Law, 31, recalls he dared not speak to her at the start of the four-month shoot. "Later, we greeted each other normally but, of course, I wouldn't initiate a chat with her," he says.
He wanted to have a picture taken with her, but it was never the right time to ask her. Then on her last day on the set, she surprised him by having her photograph sent to him, with an encouraging message she had written on the back. "Only I have it," he says with a laugh.
Kwok, 50, sounds more smitten by Gong. "Privately she's a young woman, she has a pure heart," he says. "She's so well-preserved really because she's such a pure person."
On the set, "sparks flew" between her White Bone Demon and his Monkey King, he reveals.
"We've agreed that," he says, sinking dramatically to a whisper, "we'll work together again."

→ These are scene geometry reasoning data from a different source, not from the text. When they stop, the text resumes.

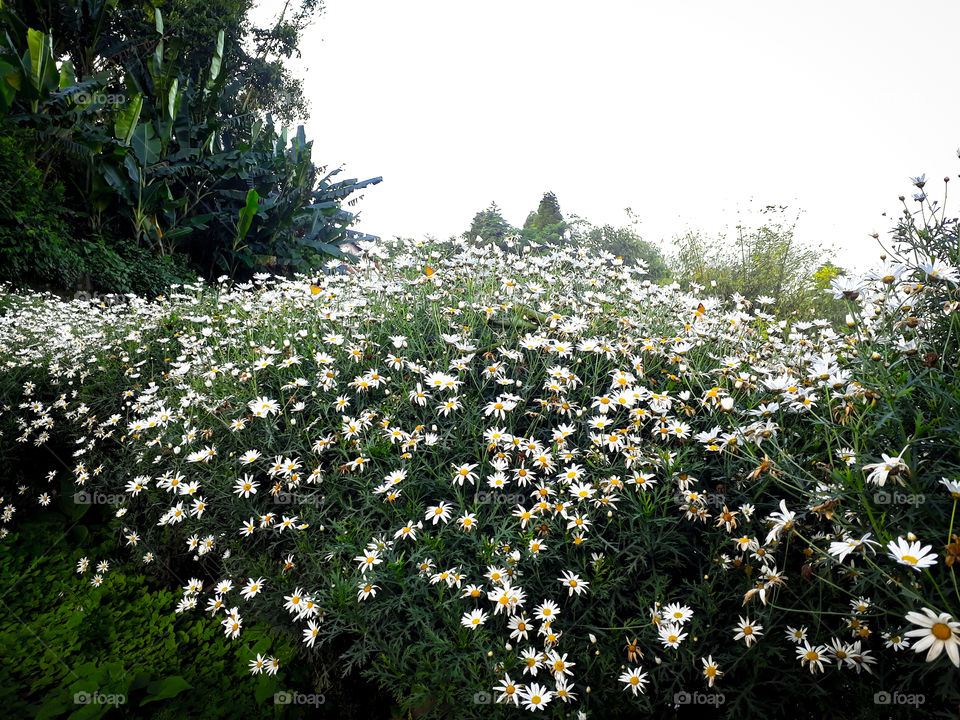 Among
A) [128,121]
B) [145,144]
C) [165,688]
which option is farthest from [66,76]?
[165,688]

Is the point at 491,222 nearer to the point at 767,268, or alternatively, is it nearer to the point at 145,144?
the point at 767,268

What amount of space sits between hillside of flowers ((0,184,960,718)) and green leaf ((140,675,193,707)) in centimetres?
26

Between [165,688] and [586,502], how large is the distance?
198cm

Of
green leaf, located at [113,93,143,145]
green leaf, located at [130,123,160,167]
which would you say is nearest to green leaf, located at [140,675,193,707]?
green leaf, located at [130,123,160,167]

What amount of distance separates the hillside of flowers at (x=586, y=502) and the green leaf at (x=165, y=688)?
Result: 26 centimetres

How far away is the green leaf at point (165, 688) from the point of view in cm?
Answer: 213

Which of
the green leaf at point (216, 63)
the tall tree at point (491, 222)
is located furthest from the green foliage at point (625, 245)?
the green leaf at point (216, 63)

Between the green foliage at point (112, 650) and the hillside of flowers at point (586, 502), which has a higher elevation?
the hillside of flowers at point (586, 502)

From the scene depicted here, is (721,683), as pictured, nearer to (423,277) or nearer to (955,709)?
(955,709)

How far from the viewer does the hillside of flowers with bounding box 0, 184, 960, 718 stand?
1645mm

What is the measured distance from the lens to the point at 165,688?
218cm

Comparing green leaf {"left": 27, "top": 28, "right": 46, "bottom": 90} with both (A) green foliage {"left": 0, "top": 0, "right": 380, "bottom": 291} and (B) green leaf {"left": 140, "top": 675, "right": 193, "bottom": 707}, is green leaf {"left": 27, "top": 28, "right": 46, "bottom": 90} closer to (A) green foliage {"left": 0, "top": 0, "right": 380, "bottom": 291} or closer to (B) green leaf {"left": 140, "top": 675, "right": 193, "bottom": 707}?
(A) green foliage {"left": 0, "top": 0, "right": 380, "bottom": 291}

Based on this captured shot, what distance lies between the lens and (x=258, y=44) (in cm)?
2075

The Monkey King 2 seems an unlikely commercial endeavour for Gong, who rose to stardom with critical favourites including Red Sorghum (1987), Ju Dou (1990), Raise The Red Lantern (1991), The Story Of Qiu Ju (1992) and Farewell My Concubine (1993), many of them directed by Zhang Yimou.

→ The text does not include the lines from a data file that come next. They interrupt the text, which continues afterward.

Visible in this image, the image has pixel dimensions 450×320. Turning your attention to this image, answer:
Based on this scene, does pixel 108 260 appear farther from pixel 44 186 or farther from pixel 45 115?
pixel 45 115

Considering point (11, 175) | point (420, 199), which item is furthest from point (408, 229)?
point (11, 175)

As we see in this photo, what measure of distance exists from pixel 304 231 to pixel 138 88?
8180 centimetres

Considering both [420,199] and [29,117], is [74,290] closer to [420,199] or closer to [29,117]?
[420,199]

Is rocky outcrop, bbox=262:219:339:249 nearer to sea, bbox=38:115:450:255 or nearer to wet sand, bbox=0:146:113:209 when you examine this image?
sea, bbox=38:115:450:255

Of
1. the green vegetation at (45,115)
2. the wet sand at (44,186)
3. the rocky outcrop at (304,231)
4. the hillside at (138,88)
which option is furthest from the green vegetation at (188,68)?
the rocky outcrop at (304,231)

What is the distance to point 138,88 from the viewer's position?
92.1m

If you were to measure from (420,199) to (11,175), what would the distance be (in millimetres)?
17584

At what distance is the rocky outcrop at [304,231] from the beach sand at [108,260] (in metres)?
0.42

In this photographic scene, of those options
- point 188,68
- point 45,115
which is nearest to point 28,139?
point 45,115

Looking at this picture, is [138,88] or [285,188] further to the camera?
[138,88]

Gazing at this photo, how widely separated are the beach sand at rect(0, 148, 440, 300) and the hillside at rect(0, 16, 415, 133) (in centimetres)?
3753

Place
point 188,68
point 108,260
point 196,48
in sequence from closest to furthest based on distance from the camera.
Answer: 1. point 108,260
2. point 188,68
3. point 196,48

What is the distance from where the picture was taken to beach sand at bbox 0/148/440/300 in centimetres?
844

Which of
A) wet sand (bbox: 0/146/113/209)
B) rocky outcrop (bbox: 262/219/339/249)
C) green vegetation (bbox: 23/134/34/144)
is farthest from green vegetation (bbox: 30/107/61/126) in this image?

Most recently, she reunited with Zhang to star in Coming Home (2014), as an amnesiac who is waiting for her political prisoner husband's return but cannot recognise the man who comes home to her.
Hong Kong director Soi Cheang says his eyes lit up when his producers spoke of asking Gong to play the White Bone Demon, but he did not expect her to agree.
Gong says she was readying herself for a next role, after the emotionally exhausting shoot of Coming Home, when the chance to create a "brand-new character" and reach a "new peak" came along.
The Monkey King 2 tells a well-known tale about the title character's three battles with the White Bone Demon, "but I think this story, if it's expanded, will be interesting".
Although an early script she saw was skeletal, she asked to meet Cheang to find out if he and his writers would be willing to rewrite and flesh out the characters.
Cheang, who was directing SPL 2 (2015) in Thailand then, flew to China every week to talk to Gong. It took about 10 meetings for them to agree on the direction her character would take.
In the rewriting, which fills in the blanks of the tale told in the Chinese novel Journey To The West, the White Bone Demon now has a back story, about how she was a mortal once upon a time and how she had been living for 1,000 years.
On the set, Gong liked being a super villainess and "especially enjoyed" performing mid-air wire stunts, she says.
"After you enter the character, you feel the White Bone Demon has nothing to fear. She isn't afraid of anything. What's hanging from wires? She can fly. So I really enjoyed that. The higher, the more comfortable."
Also, she explains, fear in the eyes will show up on camera. So it would not have been right for her, in character, to look like, "Wow, you're afraid of flying", she says, flapping her arms in a demonstration.
The interview ends, but her enthusiasm for the movie does not flag. As she poses beside a poster of her character, which she clearly likes, she asks a film publicist for a copy of her own.